Ниа прожевал булку до конца и кивнул.
- Я предлагаю дойти до Тауэрского моста.
- Ты что, совсем того?! – опешил я.
- Мы все равно в конце концов пришли бы туда, - сказал Ниа. – Рождественский магазин совсем рядом. Какая разница, Мелло? Это просто деньги. Ты же не потерял карточку на метро и билет на обратный автобус – стало быть, мы спокойно можем вернуться домой. И почему ты так расстраиваешься?
- Я не расстраиваюсь! – оскорбился я. – Ты-то что в этом понимаешь!
Мою последнюю фразу Ниа проигнорировал. Снова зарядил свои невыносимо безукоризненные грамматические конструкции – и как всегда без эмоций.
- В любом случае нам остается вернуться в Уэмми без игрушек – сейчас или позже. Но я не буду настаивать, конечно, если ты категорически против. На, возьми, это твоя.
- Засунь ее себе знаешь куда? – я оттолкнул протянутую мне булку. – Ну и пошли, пошли, раз тебе так напекло!
Я совсем перестал узнавать себя. В самом деле, я так и сказал ему – да, Ниа, конечно! Давай как старые добрые друзья пройдемся вдоль речки – плевать, что мы вернемся с пустыми руками, Роджер законсервирует меня в порицаниях и отработке, а Мэтт и ребята просто обсмеют, если узнают: плевать, ведь ты значишь для меня несравненно больше, чем все это! Больше, чем мое собственное достоинство!
Не иначе как я спятил. Я все сегодня делал назло и вопреки: на этот раз чтобы он не считал, будто я волнуюсь – уж слишком много людей постоянно подозревали меня в том, что я только и делаю, что киплю и волнуюсь; чтобы не за ним осталось последнее слово; чтобы вдребезги расшиблась его ледяная уверенность в том, что я категорически против чего-либо. Знать об этом мог только я, но не Ниа.
Все равно мне, все равно! Мост так мост!
Теперь я сам чуть не плакал от того, как пасовал перед ним. Да, я в жизни ничего не сделал такого, чего сам не хотел. Но никто, кроме Ниа, не мог заставить меня хотеть то, о чем в здравом уме я не стал бы и думать.

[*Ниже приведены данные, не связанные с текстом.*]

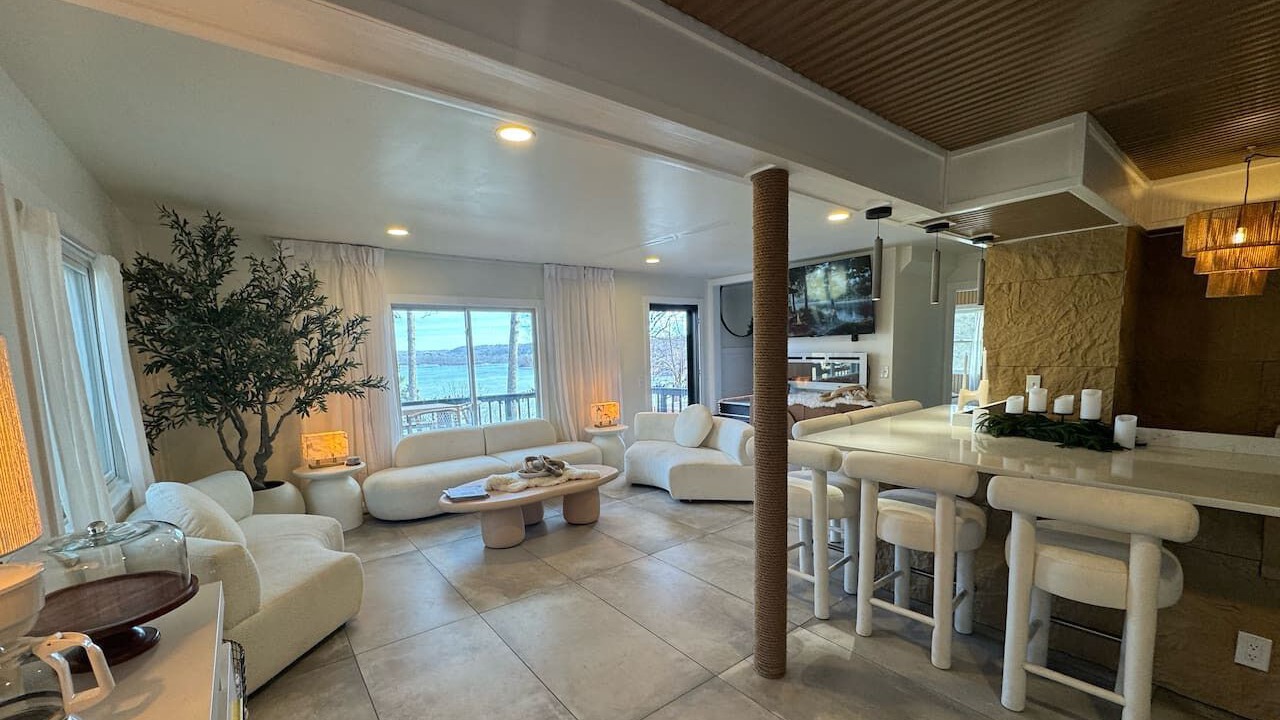 Photo of Livingroom in Hudson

Вечер наконец начал сменять день, а город – потихоньку проявляться в новых красках искусственного света. Наступало время такого нерешительного полумрака – вроде и не день уже, но еще не вечер. Тут и там зажигались окна и фонари, отражались в воде неясными бликами. Завораживали ажурно-неоновый огромный Глаз на другом берегу и очертания мостов – уже пройденных и еще только ожидающих нас.

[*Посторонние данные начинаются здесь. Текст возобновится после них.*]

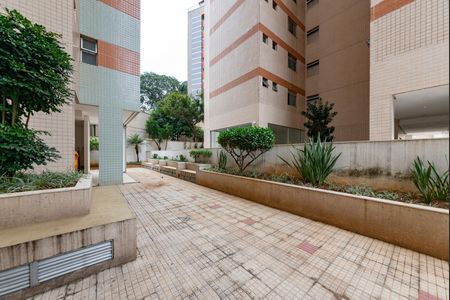 Apartamento à venda com 75m², 2 quartos e 1 vagaÁrea comum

Набережная Виктории кончилась, когда мы прошли мимо пришвартованных шлюпов ее Величества. Мне было их немного жаль. Если бы они могли думать – вечерами они наверняка вспоминали те дни, когда они были больше прославлены своей военной службой, чем пустым болтанием у берега Темзы.
Ниа дольше, чем у двух других шлюпов, стоял напротив Веллингтона – такого же безукоризненно белого, как и он сам. Я хмыкнул, представив, как забавно бы выглядел мальчишка на палубе – наверное, слился бы с ней – но тут же отогнал эту глупую мысль.
А идти оставалось все еще немало. Я перевел Ниа через мост Блэкфрайерз – на прежнем берегу нас ждал тупик – и повел переулками через Саутварк. Тут уж и мне пригодилась карта – без нее мы плутали бы больше, но и с ней вышло не очень живо. Прямиком по набережной идти было, конечно, легче. Да и не бывал я здесь ни разу, если честно.
Когда мы вышли к Собору, ноги у меня гудели, и есть хотелось так сильно, что я готов был уже сожрать купленную калькулятором булочку.
- Ниа, мне надоело, - честно сказал я. – Давай до Лондонского моста, и все. А Тауэр и оттуда хорошо видно.
Ниа послушно кивнул.
- Тебе самому не надоело? – зачем-то спросил я.
- Здесь красиво и интересно, - ответил он. – Но я тоже устал, если ты об этом.
А небо уже здорово потемнело. Не знаю, может быть только поэтому я обратил наконец внимание на то, чего не замечал раньше – на его фоне сквозь сумрак празднично мигали огоньки развешанных на деревьях напротив собора гирлянд. И у самого входа стояла невысокая скромно украшенная, но очень симпатичная елочка.
- Как думаешь, мы можем зайти?
- Туда?..
Я не знал, можем ли мы туда зайти. Наверняка да… но я чувствовал бы себя неловко.
- Адвент, - пробормотал я. – Там сейчас служба. Я не знаю, я не уверен…
- А я был однажды в Винчестерском Соборе в Сочельник, - неожиданно признался Ниа, поглаживая елку – явно погруженный в воспоминания о чем-то своем, дорогом ему одному. Куда-то подевался его равнодушный тон и неуклюже правильные фразы: он даже стал похож на обычного пацана. Что-то с ним случилось, как в метро: может, доносящийся до нас рождественский гимн и мерцающая гирлянда делали свое дело?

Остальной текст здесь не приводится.